ABSTRACT

Freud first intuited that it was during the third through seventh years that the problems of independent psychic life (selfhood) were faced and worked through by children. Borrowing the mythic themes of Sophocles’ Oedipus Rex and Shakespeare’s Hamlet, Freud discovered in his own self-analysis (in 1897) the power of emotional triangulation among independently functioning selves. Carl Jung pointed to Electra as the mythic model for triangulating selves in girls. It is one thing to search for nurturance and intelligibility in the world (the organizing experience). It is yet another thing to seek to establish dyadic reliability (symbiotic experience). And, it is yet another experience to look to the other for consolidation of a sense of self (the self-other experience).

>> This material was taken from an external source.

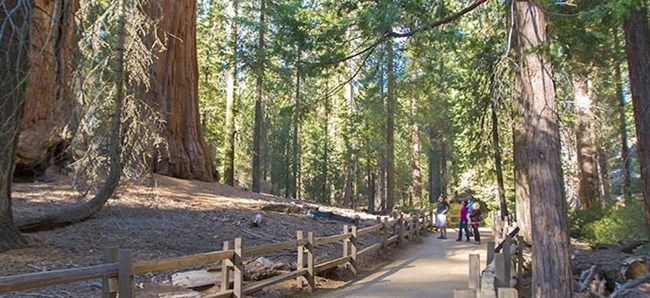The Grant Tree Trail is a paved, easy trail through a spectacular sequoia grove.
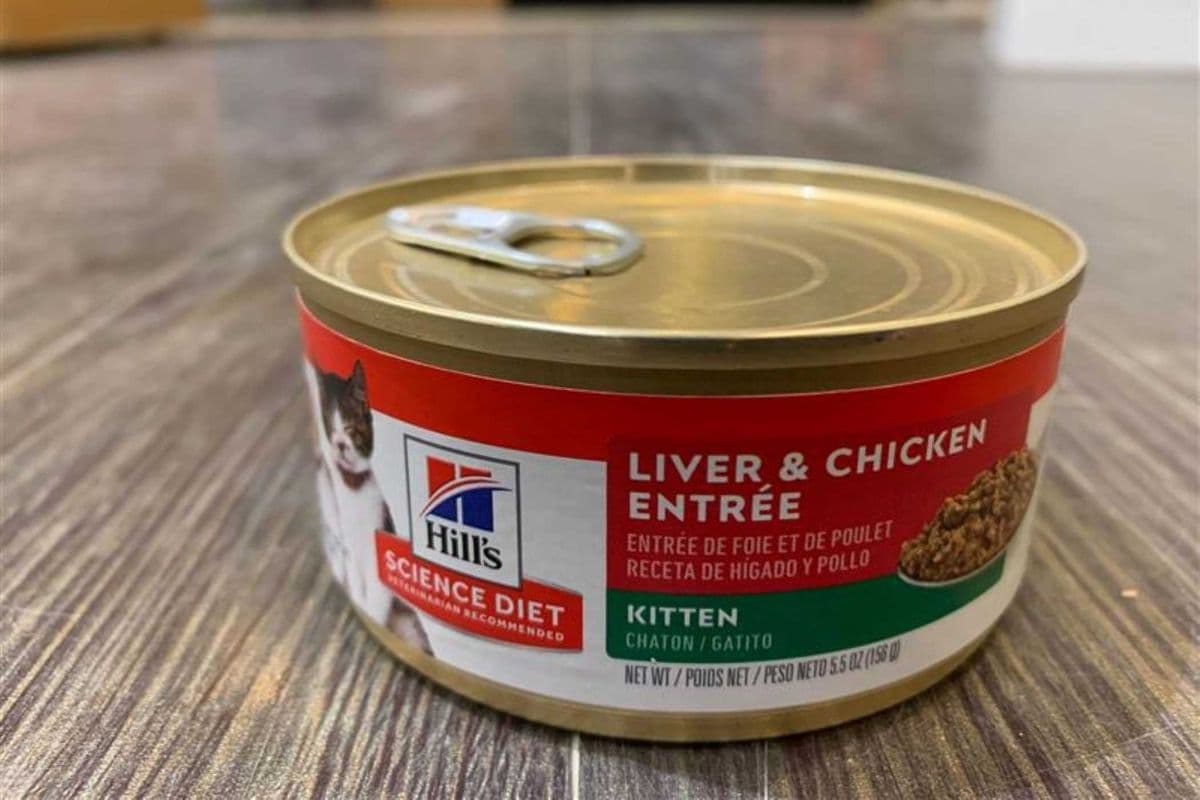Hills | Feline | Wet | Kitten | Chicken & Liver | 5.5oz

But, the most complicated aspects of human life develop when a full emotional awareness of third parties, of contingent emotional relationships among interacting selves, is integrated into psychic functioning. That is, the impact of the mythic Oedipus/Electra triangulation experience relies on the child’s growing realization that each relationship exists within a broader set of contingencies determined by third parties. Symbolically and historically, the third party is represented as Father or The Fathers, but in actual human experience, the third party appears along with language and cultural awareness as that which comes between the symbiotic Mommy and me, as that which intervenes in our private dyadic relationships and catapults our relatedness into the broader human community of thirds.